Pendant la période de la dictature d’Ender Hoxja, la ville étant une zone militaire stratégique, les habitants et les déplacements étaient étroitement surveillés. Dans les années 1990, s’y sont tenues de nombreuses manifestations qui ont contribuées à la chute du régime.
Aujourd’hui Durrès est sur la voie du développement économique. On y trouve des industries de matières plastiques, de caoutchouc, de produits chimiques et électroniques. Le groupe italien Italcementi qui produit des matériaux de construction est installé à Durrès depuis 1998. Des industries polluantes donc.
La région produit du vin, du maïs, de la betterave à sucre et du tabac.
Hélas architecturalement parlant, nous ne voyons rien de très élégant. Les constructions sont très disparates. Des bâtiments de plus de 10 étages sont en construction. Sur certains bâtiments, on rajoute chaque année deux étages sans tenir compte de la zone sismique du lieu.
Nous pouvons voir aux alentours d’anciennes raffineries chinoises abandonnées et délabrées de véritables verrues dans la ville.
Bref la ville n’a aucun attrait architectural, mais deux centres d’intérêt importants : l’amphithéâtre romain et le musée d’archéologie.
L'amphithéâtre de Durrès a été construit au IIe siècle de notre ère sous le règne de l'empereur romain Trajan et est situé au milieu de la ville.
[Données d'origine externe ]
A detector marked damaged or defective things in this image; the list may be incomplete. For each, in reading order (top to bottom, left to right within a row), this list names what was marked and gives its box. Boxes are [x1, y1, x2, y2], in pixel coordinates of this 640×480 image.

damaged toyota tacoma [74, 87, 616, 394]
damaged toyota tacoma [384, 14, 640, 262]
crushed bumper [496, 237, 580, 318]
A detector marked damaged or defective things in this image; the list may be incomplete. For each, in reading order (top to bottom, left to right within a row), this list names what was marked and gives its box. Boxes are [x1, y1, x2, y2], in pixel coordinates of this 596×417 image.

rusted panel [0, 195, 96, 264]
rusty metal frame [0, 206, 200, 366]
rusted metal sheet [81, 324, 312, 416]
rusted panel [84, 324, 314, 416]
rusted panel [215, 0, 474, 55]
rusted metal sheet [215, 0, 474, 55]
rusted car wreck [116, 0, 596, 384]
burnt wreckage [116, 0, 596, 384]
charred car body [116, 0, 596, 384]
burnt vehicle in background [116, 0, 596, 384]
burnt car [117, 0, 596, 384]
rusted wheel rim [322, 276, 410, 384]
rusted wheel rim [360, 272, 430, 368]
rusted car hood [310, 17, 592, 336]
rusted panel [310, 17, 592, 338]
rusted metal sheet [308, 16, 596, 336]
Il pouvait accueillir jusqu'à 20 000 personnes.
Il a été redécouvert au XXe siècle. Il est aujourd'hui un lieu touristique important, mais il a beaucoup souffert et souffre encore aujourd’hui des constructions qui ont été bâties sur les côtés. Le développement de la ville le menace.
Il semblerait que les élus veulent supprimer les maisons qui se situent dans les environs de l'amphithéâtre, afin de le protéger.
L'amphithéâtre est construit sur la pente de la colline et a une forme elliptique. L’arène mesure 61 mètres sur 42 mètres.
Dans la chapelle se trouvent de belles mosaïques qui ont néanmoins subies l’outrage du temps.
En 2013, l'amphithéâtre est sélectionné avec treize autres sites par Europa Nostra comme l'un des sites les plus menacés du patrimoine culturel en Europe.
Le site est aujourd'hui candidat pour intégrer la liste du patrimoine mondial de l'Humanité de l'UNESCO.
Après la visite de l'amphithéâtre nous faisons une visite au riche et beau musée archéologique qui est le plus grand d’Albanie.
Il est consacré à l'histoire de la ville de l'Antiquité grecque à la période romaine.
La plupart des objets exposés ont été découverts par hasard lors de chantiers de construction ou par des paysans labourant des champs. Une partie des collections a été pillée lors de la guerre civile de 1997.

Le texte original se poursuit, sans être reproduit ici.